TASK DESCRIPTION
Begin at the line holding "Vereador Waguinho questiona" and set down exactly each line through the last one below, omitting pictures. Include nothing else.

SUPPLIED MATERIAL
◇ ◇ ◇ ◇

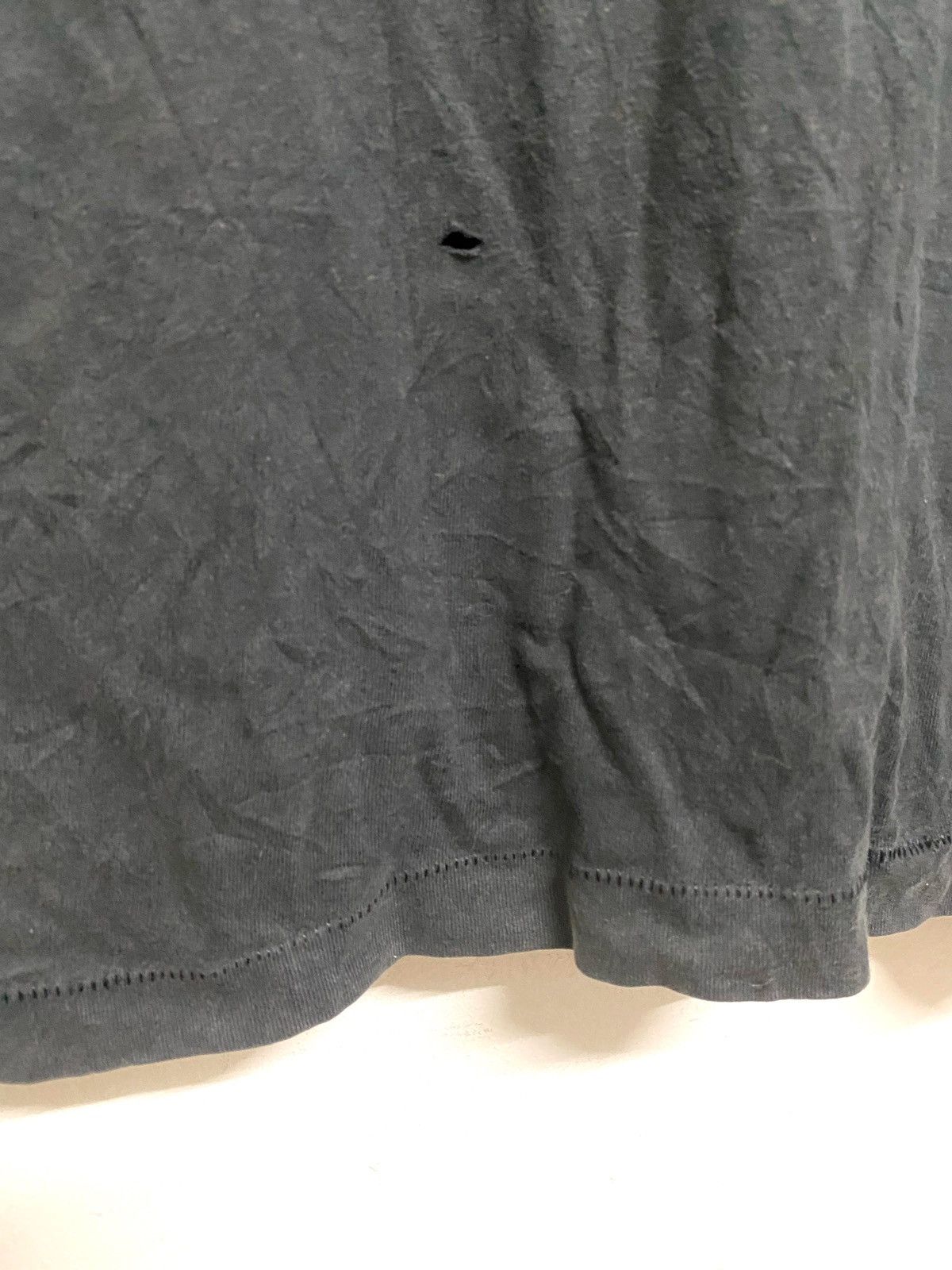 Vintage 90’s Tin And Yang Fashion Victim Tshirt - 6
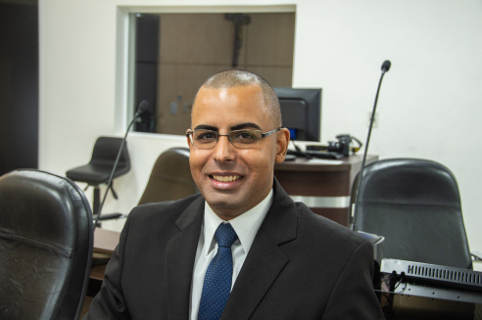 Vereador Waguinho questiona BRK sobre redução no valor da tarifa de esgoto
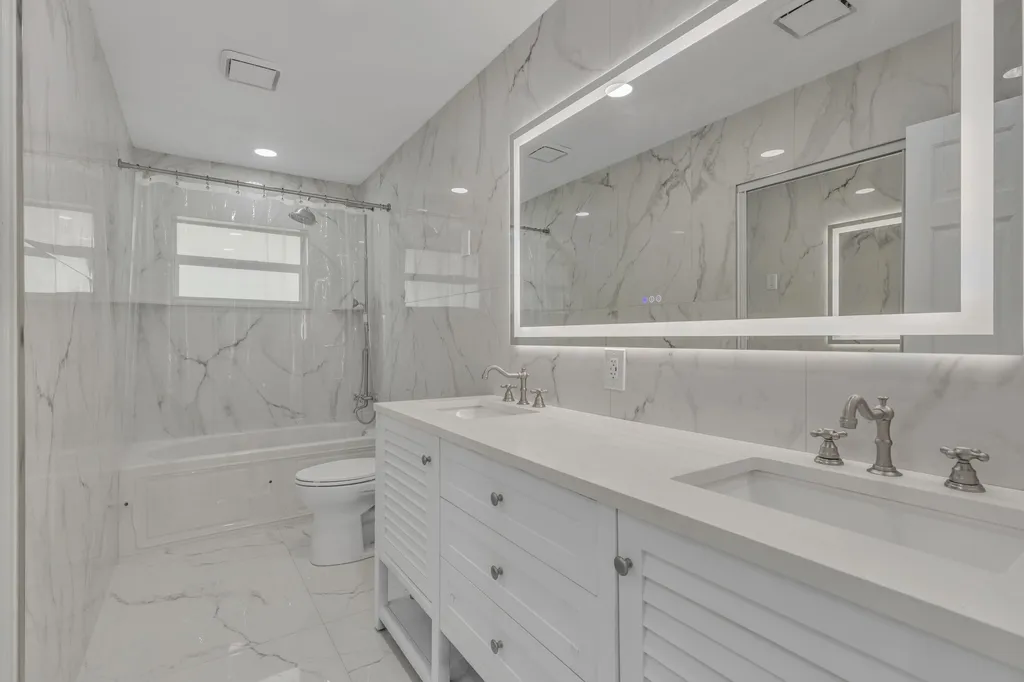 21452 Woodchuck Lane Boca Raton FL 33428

◇ ◇ ◇ ◇

ANSWER SECTION
 Vereador Waguinho questiona BRK sobre redução no valor da tarifa de esgoto
 21452 Woodchuck Lane Boca Raton FL 33428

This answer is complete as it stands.